**What the task asks:** Would you retype the whole listing exactly, leaving its pictures out?

BEGIN Exercise data

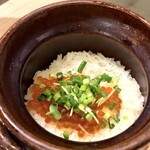 とーかんまんしょん錦糸町101号室 - サーモンといくらの土鍋ご飯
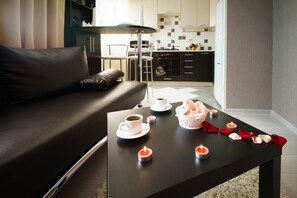 Apartamento (Gorkogo 34) | Cocina privada | Frigorífico, microondas, placa de cocina y cafetera o tetera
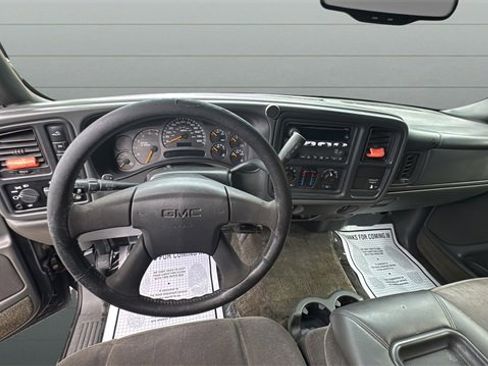 Used 2004 GMC Sierra 2500 SLE w/ Heavy-Duty Power Package image 11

END Exercise data

**Task solution:**
 とーかんまんしょん錦糸町101号室 - サーモンといくらの土鍋ご飯
 Apartamento (Gorkogo 34) | Cocina privada | Frigorífico, microondas, placa de cocina y cafetera o tetera
 Used 2004 GMC Sierra 2500 SLE w/ Heavy-Duty Power Package image 11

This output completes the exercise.